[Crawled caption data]
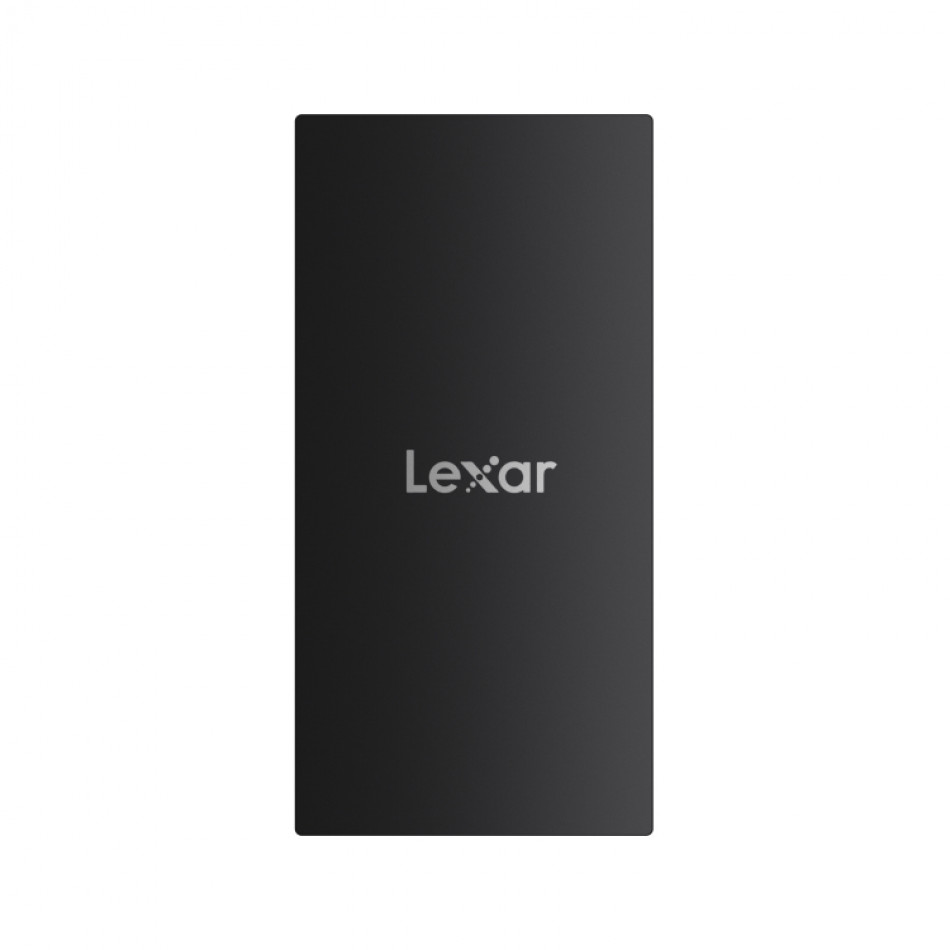 LSL300002T-RNBNG unidad externa de estado sólido 2 TB USB Tipo C 3.2 Gen 2 (3.1 Gen 2) Negro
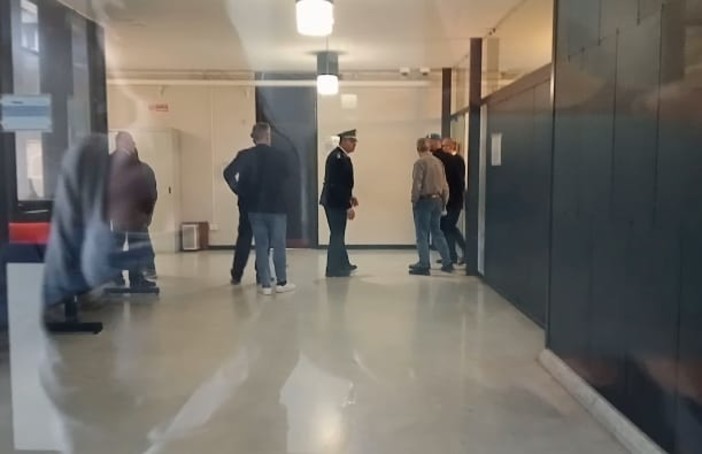 Corruzione in Liguria, Signorini è arrivato in Procura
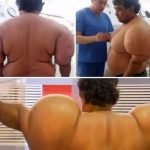 Lelaki Sengsara Badan Bengkak Berketul-ketul. Hasil Siasatan Doktor Lebih MENGEJUTKAN Lagi. Lelaki Sengsara Badan Bengkak Berketul-ketul. Hasil Siasatan Doktor Lebih MENGEJUTKAN Lagi.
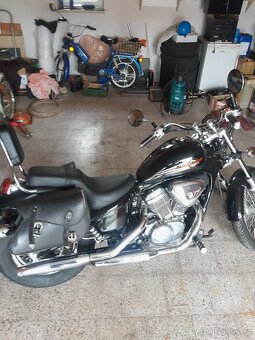 Honda SHADOW VT 600 C - 5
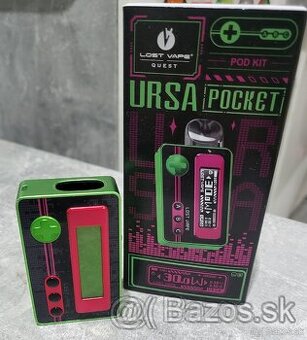 Lost vape - ursa pocket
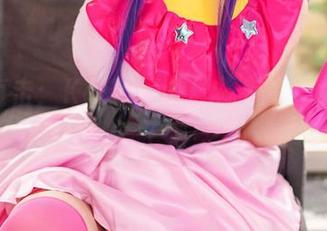 原图直击：KaYa萱的丝袜魅力，太会挑情了吧！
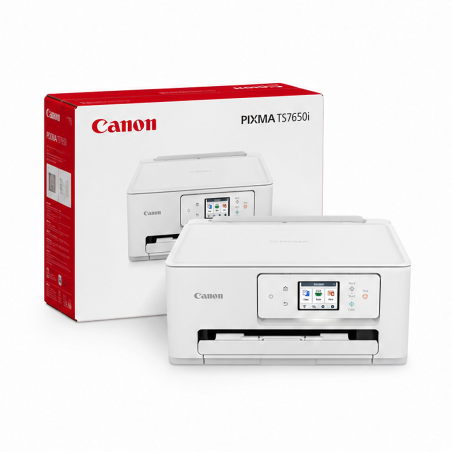 Canon PIXMA TS7650i Compatible Wi‑Fi recto verso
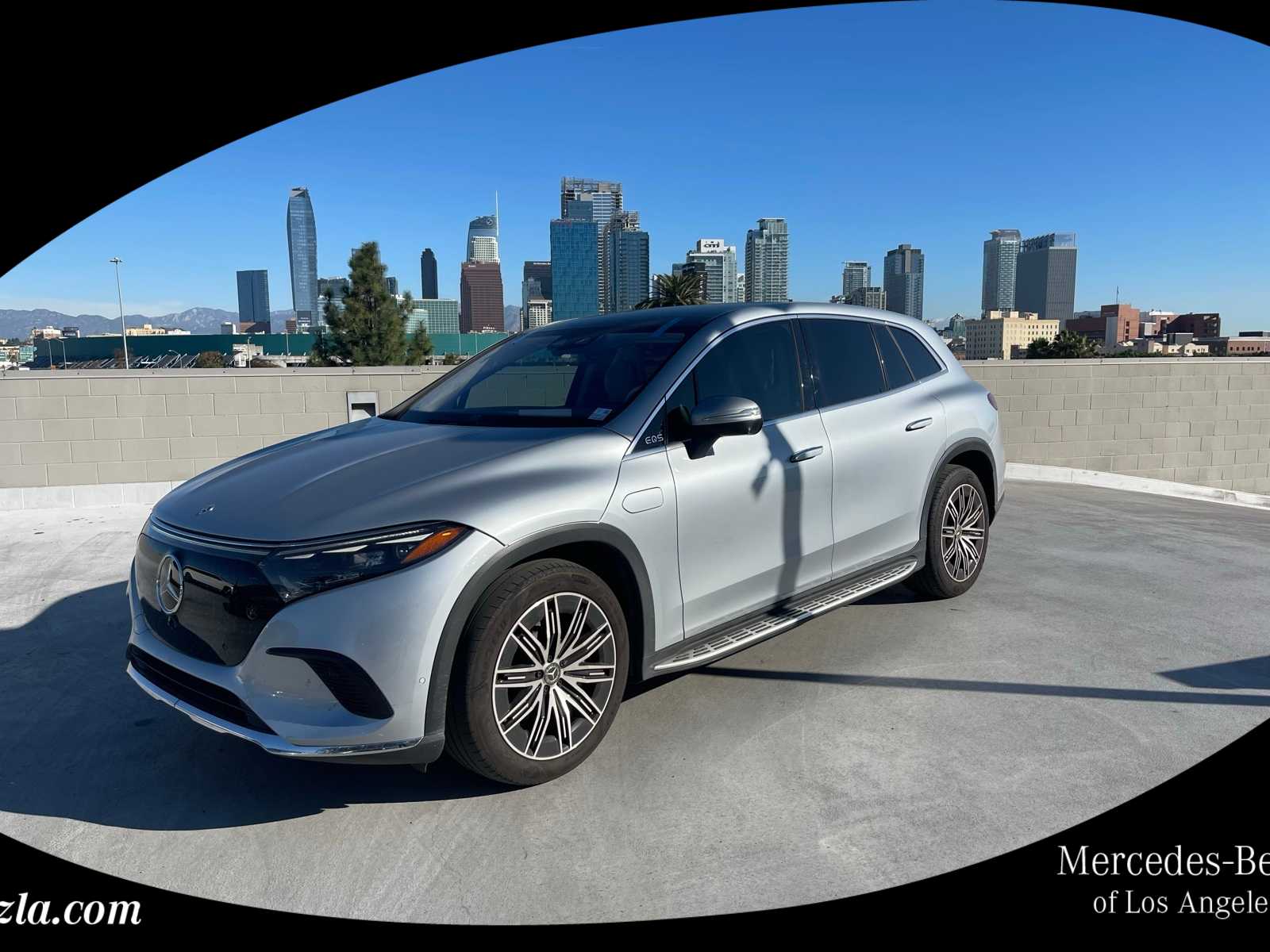 Thumbnail: 2023 Mercedes-Benz EQS - 1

**Action item:** In the transcription, every picture is to be excluded and the records above given again exactly.

**Response to this task:**
 LSL300002T-RNBNG unidad externa de estado sólido 2 TB USB Tipo C 3.2 Gen 2 (3.1 Gen 2) Negro
 Corruzione in Liguria, Signorini è arrivato in Procura
 Lelaki Sengsara Badan Bengkak Berketul-ketul. Hasil Siasatan Doktor Lebih MENGEJUTKAN Lagi. Lelaki Sengsara Badan Bengkak Berketul-ketul. Hasil Siasatan Doktor Lebih MENGEJUTKAN Lagi.
 Honda SHADOW VT 600 C - 5
 Lost vape - ursa pocket
 原图直击：KaYa萱的丝袜魅力，太会挑情了吧！
 Canon PIXMA TS7650i Compatible Wi‑Fi recto verso
 Thumbnail: 2023 Mercedes-Benz EQS - 1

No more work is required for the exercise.